Can you sue if a police dog bites you? We look at the law relating to liability for police dog bites
Can you sue if a police dog bites you? Find out where you stand by calling our free legal helpline for a case assessment.
If you suffer a bite from a police dog there are two potential allegations that can be made. You can allege a breach of the 1971 Animals Act and you can allege that the police have been negligent.
To determine whether you can sue if a police dog bites you we would recommend that you speak to one of our specialist lawyers. We operate a free legal helpline so you can call us for initial guidance on making a claim and find out if no win, no fee funding is available.
It is important that any claim against the police is prepared properly and that the solicitor dealing with it understands the complexities of the law involved. As specialist dog bite lawyers who deal with such cases on a daily basis, we know exactly what to do and how to go about getting you the best result.
Over the last three years almost £800,000 has been paid in compensation to people bitten by police dogs. Greater Manchester Police paid out more then £180,000 while the Met Police are next on the list, paying out £95,000. West Midlands police were responsible for the highest number of dog bites.
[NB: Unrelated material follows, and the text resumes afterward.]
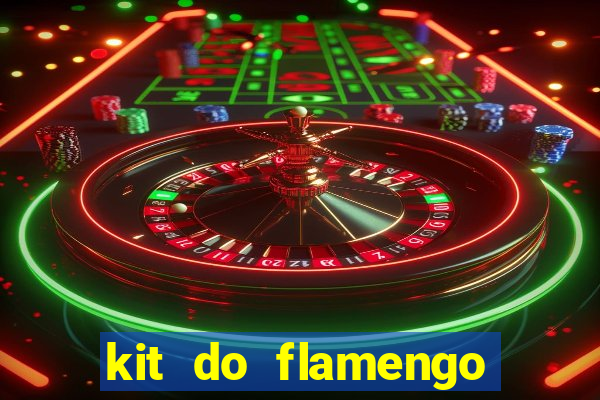 kit do flamengo dls 23 png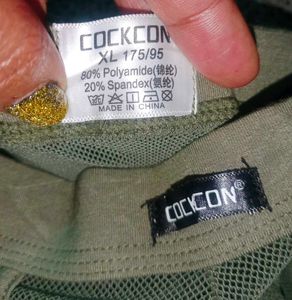 Mesh see through Briefs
The people who have been bitten by police dogs include those suspected of committing a criminal offence, police staff and innocent members of the public
The police can defeat a compensation claim if they can show that the person bitten “voluntarily accepted the risk of damage” by failing to stop when commanded to do so.
Alleging that the police have been negligent means looking at whether or not there is something the police should have done (or have failed to do) to prevent the dog attacking. It also involves proving that they should have been aware that such an incident was likely, or “foreseeable”.
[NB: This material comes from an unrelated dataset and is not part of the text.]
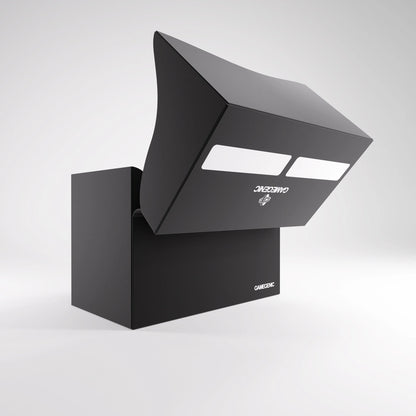 Gamegenic Double Deckholder 200+ (Black)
Proving negligence involves looking at the training records of the dog and its handler and searching for evidence of any previous incidents or similar attacks. If the records show that the dog had a history of difficulty obeying commands then it could be argued that an incident was likely; not just that the police dog would attack and cause injury (which is central to their role as a police dog) but more importantly it would overreact or fail to respond when placed in a “chase and detain” situation.
The police officer may have been negligent by choosing to release the dog at the wrong time or by failing to shout a warning before doing so. The officer owes a duty of care to those who he is going to set the dog on and this is breached if he fails to follow correct procedure and if he releases a dog over which he has little or no control and which could cause a foreseeable injury.
In certain circumstances there may be third option. You may be able to make a claim against the police for assault if it can be shown they have acted in a way which they knew to be unjustifiable and intended to cause harm; or at least acted without caring whether they caused harm or not. The police could counter argue that they were only using reasonable force in the prevention of crime or to lawfully arrest a suspect. It is often a question of whether or not they used “reasonable force” which is the key factor.